Your link is doing strange things - it's pointing somewhere weird that doesn't exist!

Seriously, though, I see what you're saying about the blindness thing. I think I just made up the 3-day thing. I might have heard it somewhere and had it lurking. I guess that by itself it wouldn't be enough to make a case and if there are stronger pointers it doesn't matter too much whether it is making a parallel itself. So in some ways it doesn't matter too much.
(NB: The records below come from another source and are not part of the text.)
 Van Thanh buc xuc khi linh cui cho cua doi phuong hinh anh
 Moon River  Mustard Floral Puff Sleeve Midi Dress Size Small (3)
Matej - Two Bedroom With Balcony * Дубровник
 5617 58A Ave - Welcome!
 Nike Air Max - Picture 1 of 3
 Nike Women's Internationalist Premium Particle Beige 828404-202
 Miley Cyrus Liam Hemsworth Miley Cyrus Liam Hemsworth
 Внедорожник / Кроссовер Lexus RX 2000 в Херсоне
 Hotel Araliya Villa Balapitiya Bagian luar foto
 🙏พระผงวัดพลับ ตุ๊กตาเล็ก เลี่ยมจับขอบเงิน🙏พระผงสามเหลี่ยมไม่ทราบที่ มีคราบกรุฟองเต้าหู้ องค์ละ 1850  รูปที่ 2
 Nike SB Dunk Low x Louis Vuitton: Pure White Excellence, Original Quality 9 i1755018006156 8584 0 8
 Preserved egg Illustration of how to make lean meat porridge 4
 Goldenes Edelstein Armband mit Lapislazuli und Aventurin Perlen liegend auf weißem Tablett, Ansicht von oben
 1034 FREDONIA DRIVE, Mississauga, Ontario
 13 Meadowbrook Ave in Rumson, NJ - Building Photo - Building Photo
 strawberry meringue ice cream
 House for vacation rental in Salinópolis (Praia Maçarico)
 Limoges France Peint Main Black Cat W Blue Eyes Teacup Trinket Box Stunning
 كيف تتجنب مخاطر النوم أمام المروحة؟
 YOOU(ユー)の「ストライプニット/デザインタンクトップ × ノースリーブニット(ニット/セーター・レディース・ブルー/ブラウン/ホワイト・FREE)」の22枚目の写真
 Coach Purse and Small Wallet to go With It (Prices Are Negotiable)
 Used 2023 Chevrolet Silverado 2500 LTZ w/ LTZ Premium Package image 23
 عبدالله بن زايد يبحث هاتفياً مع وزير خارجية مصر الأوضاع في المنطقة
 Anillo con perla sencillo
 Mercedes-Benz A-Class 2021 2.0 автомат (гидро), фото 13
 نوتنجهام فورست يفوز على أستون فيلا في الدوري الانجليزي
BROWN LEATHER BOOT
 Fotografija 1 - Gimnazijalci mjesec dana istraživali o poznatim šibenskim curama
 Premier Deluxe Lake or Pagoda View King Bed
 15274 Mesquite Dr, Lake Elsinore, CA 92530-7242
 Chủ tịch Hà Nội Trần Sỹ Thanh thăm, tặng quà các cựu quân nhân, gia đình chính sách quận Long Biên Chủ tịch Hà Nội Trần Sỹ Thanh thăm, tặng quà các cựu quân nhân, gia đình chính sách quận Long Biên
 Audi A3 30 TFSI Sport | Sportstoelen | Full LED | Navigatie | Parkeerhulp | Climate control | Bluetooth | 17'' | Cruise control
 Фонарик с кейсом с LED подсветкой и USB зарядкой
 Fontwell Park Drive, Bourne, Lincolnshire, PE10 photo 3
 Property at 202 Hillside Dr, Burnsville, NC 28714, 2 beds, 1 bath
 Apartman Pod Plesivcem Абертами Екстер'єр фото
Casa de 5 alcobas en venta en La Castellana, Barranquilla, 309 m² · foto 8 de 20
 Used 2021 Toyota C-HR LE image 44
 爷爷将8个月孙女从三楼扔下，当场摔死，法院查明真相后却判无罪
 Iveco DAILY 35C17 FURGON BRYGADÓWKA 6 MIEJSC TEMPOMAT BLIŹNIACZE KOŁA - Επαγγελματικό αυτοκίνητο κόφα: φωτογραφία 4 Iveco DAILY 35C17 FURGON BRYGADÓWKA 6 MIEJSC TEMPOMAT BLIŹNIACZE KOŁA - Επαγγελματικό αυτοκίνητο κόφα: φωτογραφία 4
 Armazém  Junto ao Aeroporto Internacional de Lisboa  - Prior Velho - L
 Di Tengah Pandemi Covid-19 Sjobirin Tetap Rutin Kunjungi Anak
Exactly what Abraham thought he was saying is an interesting question. I was surprised to see him referred to as a prophet, so he must have prophesied something... It's possible to prophesy without knowing it, though (John 11:49-52). Maybe a chat for another night...

2 comments:

Graham Criddle said...

I'm not sure where Abraham prophesied either.
However I could argue that Caiphas did know what he was doing in John. Does not verse 51 "He did not say this on his own" means that he was saying it under someone's guidance - in this case God's?

Richard Criddle said...

I don't think I follow your argument on Caiphas. I took it that he thought he was just saying it was worth killing Jesus to avoid Rome getting angry. Unknown to him, God worked through him to prophecy Jesus' death for all. That's how I read v52 - where it seems Caiphas didn't realise the extent of what he was saying. No?